Correspondence to: Benedict Maliakkal, MD, Department of Medicine, Division of Gastroenterology and Hepatology, University of Rochester School of Medicine and Dentistry, Box 646 601, Elmwood Avenue, Rochester, NY 14642, United States.
Telephone: +1-585-2754711  
Fax: +1-585-2717868
Received: December 25, 2008
Revised: March 5, 2009
Accepted: March 12, 2009
Published online: March 28, 2009


AIM: To evaluate the incidence of contrast-induced nephropathy (CIN) in cirrhotic patients and to identify risk factors for the development of CIN.

METHODS: We performed a retrospective review of 216 consecutive patients with cirrhosis who underwent computed tomography (CT) with intravenous contrast at the University of Rochester between the years 2000-2005. We retrospectively examined factors associated with a high risk for CIN, defined as a decrease in creatinine clearance of 25% or greater within one week after receiving contrast.

RESULTS: Twenty-five percent of our patients developed CIN, and 74% of these patients had ascites seen on CT. Of the 75% of patients who did not develop CIN, only 46% had ascites. The presence of ascites was a significant risk factor for the development of CIN (P = 0.0009, OR 3.38, 95% CI 1.55-7.34) in multivariate analysis.

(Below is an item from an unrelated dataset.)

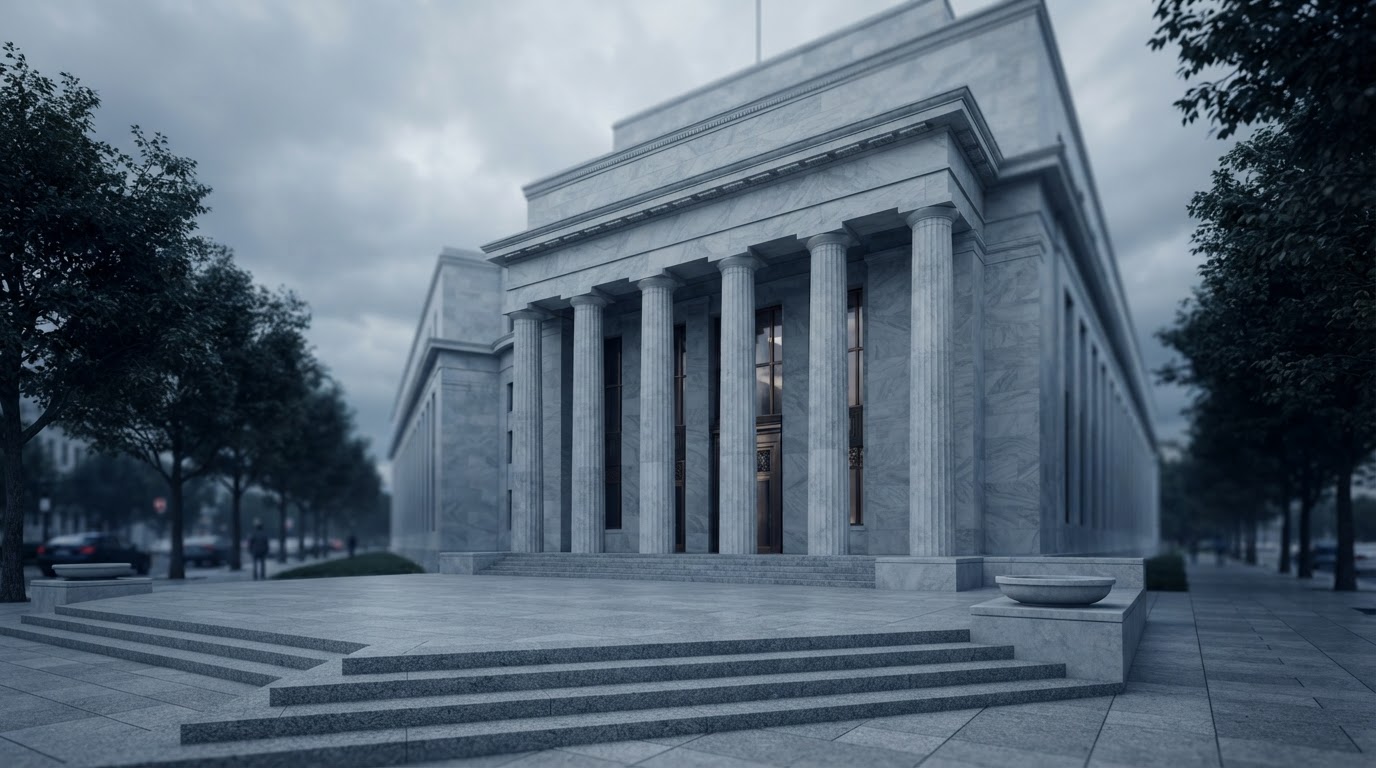 Fed Inspector General Clears Jerome Powell in $2.4B Renovation Probe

Patient age, serum sodium, Model for End-stage Liver Disease score, diuretic use, and the presence of diabetes were not found to be significant risk factors for the development of CIN. Of the patients who developed CIN, 11% developed chronic renal insufficiency, defined as a creatinine clearance less than baseline for 6 wk.

CONCLUSION: Our results suggest that in hospitalized cirrhotic patients, especially those with ascites, the risk of CIN is substantial.

Key Words: Ascites, Cirrhosis, Contrast-induced nephropathy, Renal failure


Renal failure is associated with a high morbidity and mortality in patients with cirrhosis[14]. Cirrhotic patients may be particularly predisposed to renal failure because of intravascular volume depletion, hyperaldosteronism, and altered renal hemodynamics[5]. Furthermore, aggressive use of diuretics, repeated large volume paracenteses, and gastrointestinal bleeding often contribute to renal insufficiency in these patients[12].

Contrast-induced nephropathy (CIN) is a common cause of renal failure, and is associated with substantial morbidity and mortality[69]. Multiple studies in the medical literature have estimated a risk of 2% in low-risk patients, rising to 50% in those with risk factors such as diabetes mellitus (DM), pre-existing renal disease, congestive heart failure, advanced age, anemia, and dehydration[1015].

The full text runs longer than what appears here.